Чего он только не делал ради триумфа граммофона?! Ездил по всей России, читал лекции об этом чуде техники, открыл в Пассаже магазин грампластинок. А сколько сил отдал тому, чтобы убедить русских певцов впервые записаться на пластинки! Когда наконец самые податливые из знаменитостей сдались, Ипполит Павлович вывез их в Германию, в Ганновер, где на свой страх и риск устроил студийную запись. Чуть позже запись случилась уже и в Петербурге. В первой группе записавшихся на пластинки россиян были знаменитый баритон Иоаким Тартаков, известный тенор Гавриил Морской, другие любимцы столичной публики. Неудивительно, что напетые ими диски - первые в России! - пользовались немалым успехом, и дело распространения граммофона двинулось вперед семимильными шагами. Случилось это, кстати, ровно столетие назад.
Сам же Рапгоф как коммерсант уже заметный не преминул вступить в купеческое сословие, записавшись к 1902 году в первую гильдию. Граммофонные его заслуги современники и потомки оценили вполне: именно он, по единодушному мнению, сумел сломить недоверие публики к "механическому чревовещателю".
Но он, добившись уже победы, не знал покоя. Ипполита Павловича манила теперь литература.

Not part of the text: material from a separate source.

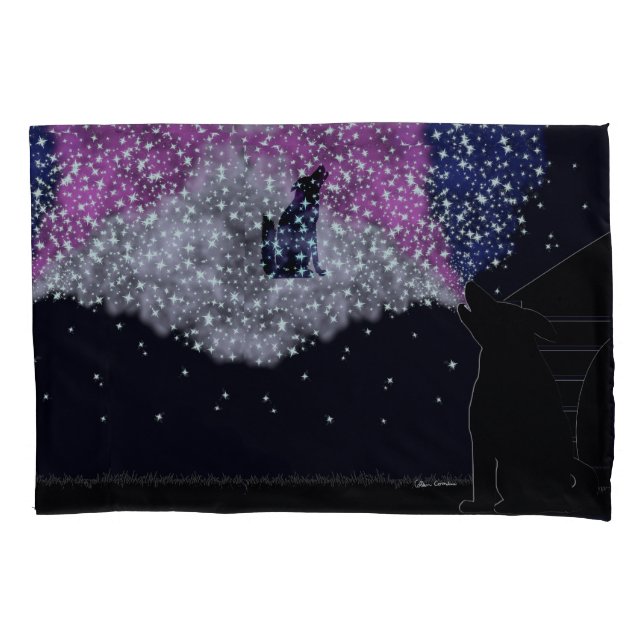 Funda De Cojín Una noche de verano con Sirius (Anverso)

Первые писания его были, конечно, о музыке. Но уже в те годы, когда он уговаривал и вывозил на запись певцов русской оперы, он состоял уже интервьюером "Петербургского листка". Был, выходит, в числе первых интервьюеров в России: тогда этот жанр только-только прививался в нашей печати и зачастую считался недостойным заграничным нововведением. От газеты - путь к книгам. В 1898 году явился столичным читателям некто доктор Фогпари (де Куоза): имя, под которым скрылся все тот же неутомимый Рапгоф. Доктор писал о "гигиене любви", размышлял о том, "как дожить до ста лет", учил магии, описывал рецепты вегетарианской кухни - словом, брался писать обо всем, что могло заинтересовать обывателя.

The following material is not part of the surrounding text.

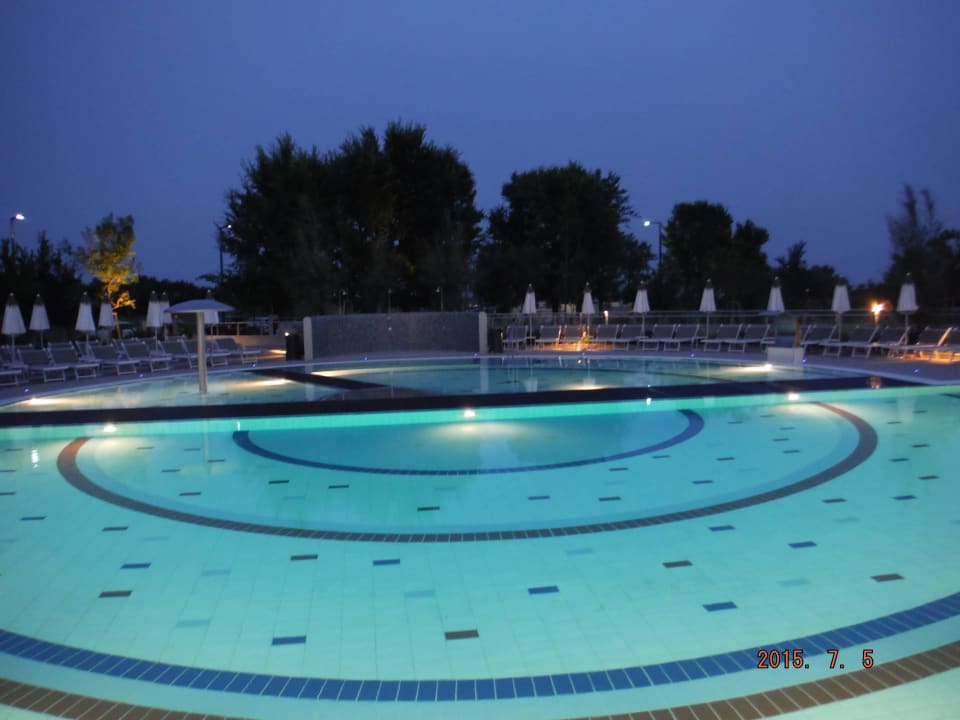 Auch am Abend sehr schön Laguna Park Hotel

Следом за Фогпари (год уже 1904-й) вышел наконец на авансцену и сам Амори. Граф стал кумиром любителей бульварной литературы. Дебютировав в журнале "Свет" с романом "Тайны японского двора", он в дальнейшем писал по нескольку романов ежегодно. Кроме излюбленных авантюрных сюжетов это были и продолжения уже известных сочинений - арцыбашевского "Санина", купринской "Ямы", "Ключей счастья" Вербицкой. Каждый раз вокруг продолжений поднимался скандал, авторы кипятились - а книги разлетались, принося издателям немалый доход.

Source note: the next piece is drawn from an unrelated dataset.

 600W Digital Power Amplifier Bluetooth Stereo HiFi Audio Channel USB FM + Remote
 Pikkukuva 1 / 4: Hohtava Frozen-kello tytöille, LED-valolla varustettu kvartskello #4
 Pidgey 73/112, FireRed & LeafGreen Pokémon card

Первая мировая провела черту: Рапгоф, повсеместно уже известный как граф Амори, переехал на жительство в Москву. В старой столице он отдал дань другому чуду техники, не шедшему уже с граммофоном ни в какое сравнение: это было кино. Любовь была взаимной: по сценариям Амори сняли два десятка фильмов - таких же авантюрно-приключенческих, как его романы. Кое-что по мотивам Достоевского и Мопассана, кое-что об Азефе, о событиях 1905 года, которой Амори некогда посвятил целую книгу...
А затем были революции. И была последняя глава жизни - самая загадочная.
Документальных сведений о том, как и где умер Рапгоф-Амори, не существует. Есть лишь версия, основанная на опубликованных в Италии мемуарах. Как рассказывает современник, Амори в последний раз блеснул своими талантами в 1918 году. Во главе небольшого отряда он захватил тогда городское управление Ростова-на -Дону и объявил там анархическую республику. Через день столь причудливое государство было свергнуто, а его основателя расстреляли.
Не правда ли - подходящий финал для человека, всю жизнь примерявшего на себя разные маски и предпочевшего музыке авантюрные сюжеты бульварной литературы?